[145182] in cryptography@c2.net mail archive
Re: Question regarding common modulus on elliptic curve cryptosystems
daemon@ATHENA.MIT.EDU (Matt Crawford)
Thu Mar 25 08:44:55 2010
Date: Wed, 24 Mar 2010 09:09:59 -0500
From: Matt Crawford <crawdad@fnal.gov>
In-reply-to: <4BA68BDE.3010007@pentatek.com>
To: Cryptography List <cryptography@metzdowd.com>
On Mar 21, 2010, at 4:13 PM, Sergio Lerner wrote:
> I looking for a public-key cryptosystem that allows commutation of the operations of encription/decryption for different users keys
> ( Ek(Es(m)) = Es(Ek(m)) ).
> I haven't found a simple cryptosystem in Zp or Z/nZ.
>
> I think the solution may be something like the RSA analogs in elliptic curves. Maybe a scheme that allows the use of a common modulus for all users (RSA does not).

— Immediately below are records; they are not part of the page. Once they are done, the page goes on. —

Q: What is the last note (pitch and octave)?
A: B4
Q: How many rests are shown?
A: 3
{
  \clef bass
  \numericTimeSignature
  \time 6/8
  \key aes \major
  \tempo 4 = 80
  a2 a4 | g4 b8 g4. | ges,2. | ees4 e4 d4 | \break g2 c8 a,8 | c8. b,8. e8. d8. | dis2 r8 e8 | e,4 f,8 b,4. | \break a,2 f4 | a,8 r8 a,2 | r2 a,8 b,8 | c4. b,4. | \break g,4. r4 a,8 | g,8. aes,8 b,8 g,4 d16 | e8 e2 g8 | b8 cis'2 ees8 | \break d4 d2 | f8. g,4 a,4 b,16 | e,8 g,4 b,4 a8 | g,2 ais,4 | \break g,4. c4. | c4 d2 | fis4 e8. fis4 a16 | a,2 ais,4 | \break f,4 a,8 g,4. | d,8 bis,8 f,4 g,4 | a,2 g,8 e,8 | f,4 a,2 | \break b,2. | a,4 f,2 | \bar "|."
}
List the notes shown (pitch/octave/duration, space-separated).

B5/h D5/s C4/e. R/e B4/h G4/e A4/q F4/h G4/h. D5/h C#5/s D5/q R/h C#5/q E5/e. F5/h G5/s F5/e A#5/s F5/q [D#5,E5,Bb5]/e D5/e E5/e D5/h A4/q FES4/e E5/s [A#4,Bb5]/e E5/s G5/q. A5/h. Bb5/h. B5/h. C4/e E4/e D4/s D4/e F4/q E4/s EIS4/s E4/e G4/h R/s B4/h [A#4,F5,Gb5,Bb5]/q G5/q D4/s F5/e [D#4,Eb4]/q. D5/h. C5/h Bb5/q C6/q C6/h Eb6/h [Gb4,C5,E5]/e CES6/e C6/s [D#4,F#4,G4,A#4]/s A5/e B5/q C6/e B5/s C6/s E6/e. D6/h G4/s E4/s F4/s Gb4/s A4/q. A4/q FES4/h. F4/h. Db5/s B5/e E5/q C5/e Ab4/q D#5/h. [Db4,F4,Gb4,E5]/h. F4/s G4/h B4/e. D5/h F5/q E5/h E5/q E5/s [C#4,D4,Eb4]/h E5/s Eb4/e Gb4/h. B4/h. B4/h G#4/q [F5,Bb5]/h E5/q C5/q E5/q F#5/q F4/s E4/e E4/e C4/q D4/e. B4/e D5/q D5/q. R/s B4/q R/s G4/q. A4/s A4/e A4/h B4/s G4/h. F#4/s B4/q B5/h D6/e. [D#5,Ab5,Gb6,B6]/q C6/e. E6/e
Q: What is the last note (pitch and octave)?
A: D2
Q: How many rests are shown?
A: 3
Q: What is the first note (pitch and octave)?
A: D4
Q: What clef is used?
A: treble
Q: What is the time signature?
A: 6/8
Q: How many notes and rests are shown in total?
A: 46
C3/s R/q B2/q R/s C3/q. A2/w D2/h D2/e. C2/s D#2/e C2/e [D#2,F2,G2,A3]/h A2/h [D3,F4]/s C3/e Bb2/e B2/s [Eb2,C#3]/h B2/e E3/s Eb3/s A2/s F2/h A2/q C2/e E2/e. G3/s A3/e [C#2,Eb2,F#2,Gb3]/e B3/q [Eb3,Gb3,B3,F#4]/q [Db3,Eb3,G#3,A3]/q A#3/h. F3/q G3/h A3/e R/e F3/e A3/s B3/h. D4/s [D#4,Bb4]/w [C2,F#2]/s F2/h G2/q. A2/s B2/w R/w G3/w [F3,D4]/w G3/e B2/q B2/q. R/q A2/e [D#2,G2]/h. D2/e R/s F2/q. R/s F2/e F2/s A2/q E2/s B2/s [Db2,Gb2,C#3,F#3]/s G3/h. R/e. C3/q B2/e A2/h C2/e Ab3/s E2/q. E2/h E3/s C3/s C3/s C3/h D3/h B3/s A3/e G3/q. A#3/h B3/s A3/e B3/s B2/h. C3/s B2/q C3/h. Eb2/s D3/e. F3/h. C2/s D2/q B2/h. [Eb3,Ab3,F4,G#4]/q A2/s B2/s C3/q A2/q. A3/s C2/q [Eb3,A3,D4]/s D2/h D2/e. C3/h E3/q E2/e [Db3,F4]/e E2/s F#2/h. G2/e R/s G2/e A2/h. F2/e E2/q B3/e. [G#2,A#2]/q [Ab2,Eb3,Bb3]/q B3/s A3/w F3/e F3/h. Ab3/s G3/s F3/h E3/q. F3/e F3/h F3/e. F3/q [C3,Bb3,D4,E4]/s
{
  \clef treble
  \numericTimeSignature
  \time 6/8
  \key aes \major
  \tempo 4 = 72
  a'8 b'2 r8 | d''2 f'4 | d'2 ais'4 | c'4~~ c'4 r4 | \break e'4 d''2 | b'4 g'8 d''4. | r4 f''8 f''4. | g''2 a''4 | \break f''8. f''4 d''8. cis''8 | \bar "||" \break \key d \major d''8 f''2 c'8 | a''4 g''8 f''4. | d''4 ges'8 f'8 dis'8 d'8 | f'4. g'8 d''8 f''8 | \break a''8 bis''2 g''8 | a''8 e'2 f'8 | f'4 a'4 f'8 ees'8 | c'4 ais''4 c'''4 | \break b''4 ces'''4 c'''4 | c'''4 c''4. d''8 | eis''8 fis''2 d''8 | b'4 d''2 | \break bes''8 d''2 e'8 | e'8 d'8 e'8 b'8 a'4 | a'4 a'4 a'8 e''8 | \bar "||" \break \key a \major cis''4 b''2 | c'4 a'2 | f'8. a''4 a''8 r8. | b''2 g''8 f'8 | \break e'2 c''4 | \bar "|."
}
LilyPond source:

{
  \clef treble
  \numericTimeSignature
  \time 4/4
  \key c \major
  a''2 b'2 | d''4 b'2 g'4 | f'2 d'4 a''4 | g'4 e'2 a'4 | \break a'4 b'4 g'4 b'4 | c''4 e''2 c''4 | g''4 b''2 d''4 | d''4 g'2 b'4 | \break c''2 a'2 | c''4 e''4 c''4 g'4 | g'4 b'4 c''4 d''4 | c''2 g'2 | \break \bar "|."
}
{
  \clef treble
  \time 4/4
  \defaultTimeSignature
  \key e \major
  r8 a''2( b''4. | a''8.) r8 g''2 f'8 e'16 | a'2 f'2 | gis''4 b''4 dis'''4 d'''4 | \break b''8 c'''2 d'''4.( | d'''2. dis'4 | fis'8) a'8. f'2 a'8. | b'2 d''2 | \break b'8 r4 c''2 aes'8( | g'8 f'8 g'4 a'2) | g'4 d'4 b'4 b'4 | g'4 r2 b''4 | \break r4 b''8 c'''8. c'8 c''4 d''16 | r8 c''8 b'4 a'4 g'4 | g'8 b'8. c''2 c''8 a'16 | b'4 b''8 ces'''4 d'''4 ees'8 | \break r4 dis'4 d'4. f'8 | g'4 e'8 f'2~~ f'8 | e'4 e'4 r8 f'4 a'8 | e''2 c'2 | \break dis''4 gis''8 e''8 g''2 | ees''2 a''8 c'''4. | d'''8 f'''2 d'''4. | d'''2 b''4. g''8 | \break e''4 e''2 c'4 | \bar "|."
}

If your application can work with a trusted authority generating all the keypairs, and you sacrifice the use of short public exponents *and* sacrifice the possession of the factors of the modulus by the key owners, making them do more work on decryption, I think you can have what you asked for. But that's a lot of ifs.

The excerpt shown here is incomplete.